Hold onto your hats! A raft of change is in the wind
Some significant changes to the law, which will have implications for workplace relations, are imminent. These changes relate to:
- protected industrial action;
- zombie agreements;
- flexible work arrangements and unpaid parental leave disputes; and
- superannuation guarantee entitlements.
Protected industrial action
Under the Fair Work Act 2009 (Cth) (FW Act), employees have the right to take industrial action (i.e. go on strike) during enterprise bargaining; however, the industrial action taken must be protected.
From 6 June 2023, before protected industrial action can be taken there will be a new requirement for all bargaining representatives to attend a compulsory conference to be convened by the Fair Work Commission (FWC). The conference will take place during the ballot period but before any protected industrial action can take place.
At the conference, a member of the FWC can:
- make a recommendation; and
- express an opinion.
The purpose of the conference is to try to get parties to reach an agreement on the issues that are preventing the enterprise agreement from being agreed to.

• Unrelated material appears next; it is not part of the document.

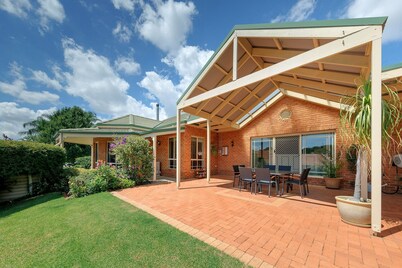 Haldon House - Spacious four bedroom, two bathroom property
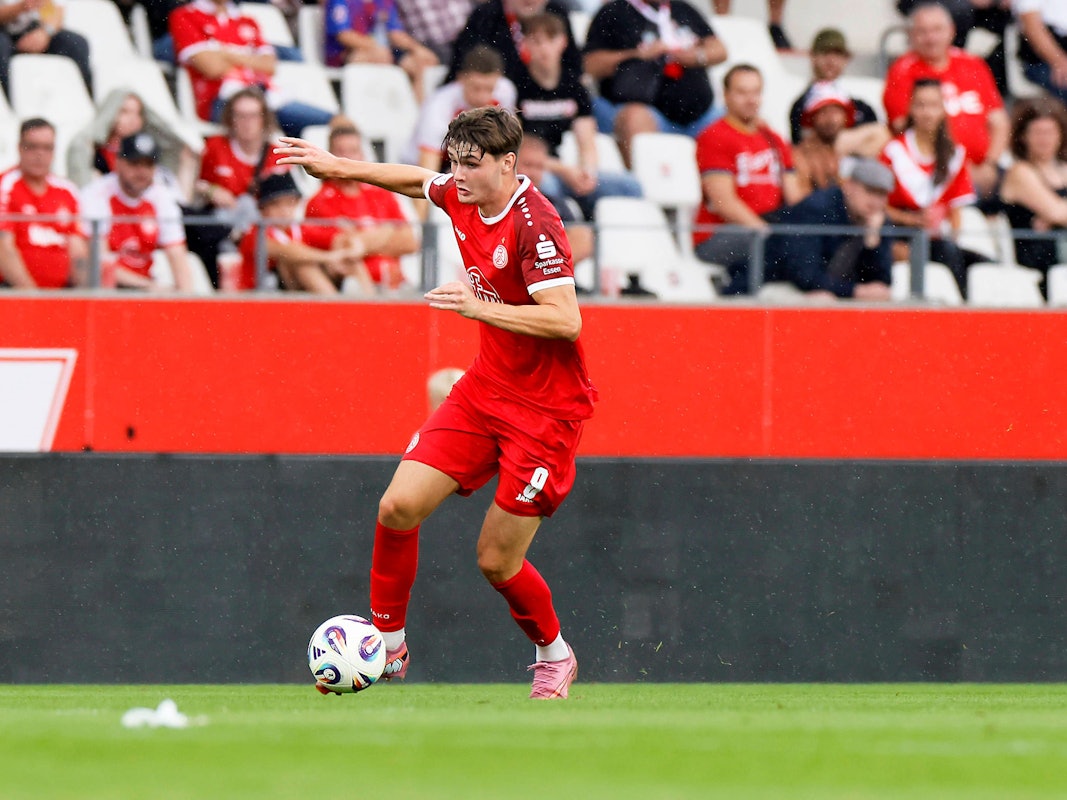 Jaka Cuber Potocnik bei seiner Pflichtspiel-Premiere für Rot-Weiss Essen.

The changes give the FWC a more hands-on role in helping parties to reach an agreement, which may be helpful in situations where bargaining representatives simply cannot agree on a particular issue and a neutral third party may be needed to provide both parties with a fresh perspective on the issue.
The 6 June 2023 is also the date a raft of changes around bargaining and bargaining disputes come into effect.

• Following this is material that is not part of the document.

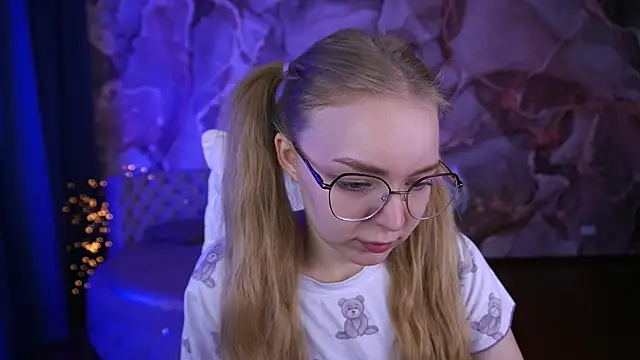 EmilySunshineS online show from October 20, 2025, 6:58 am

Zombie agreements are agreements that were made prior to the FW Act coming into effect on 1 January 2010. Many zombie agreements no longer operate, but some still continue to apply to certain groups of employees.
In an attempt to phase out the continued operation of zombie agreements, the Federal Government made changes to the FW Act that will ensure these agreements will automatically terminate on 7 December 2023, unless an application is made to the FWC to extend operation.
Employers must notify any employee who is still covered by a zombie agreement about its upcoming termination. Notification must be done before 7 June 2023. A failure to give written notice to employees will expose employers to financial penalties.
The FWC has helpfully compiled a list of possible zombie agreements that continue to apply. You can find the list here.
Flexible work arrangements and unpaid parental leave disputes
Requests for flexible work arrangements and unpaid parental leave are entitlements contained in the National Employment Standards.
From 6 June 2023, the FWC will be given new powers to deal with any dispute involving a refusal of a request for a flexible work arrangement or an extension of unpaid parental leave. There was previously no avenue for employees to challenge such refusals.
The FWC will be tasked with determining whether an employer had reasonable business grounds to refuse a request for a flexible work arrangement or an extension of unpaid parental leave.
Superannuation guarantee entitlements
From 1 July 2026, employers will be required to pay their employees’ superannuation guarantee (SG) entitlements on the same day they pay salary and wages. Currently, employers are only required to pay their employees’ SG on a quarterly basis. This change was included in the recent 2023–2024 Federal Budget update.
This change will put pressure on employers to ensure they are paying an employee’s SG entitlements on time or risk being penalised by the ATO with the SG charge.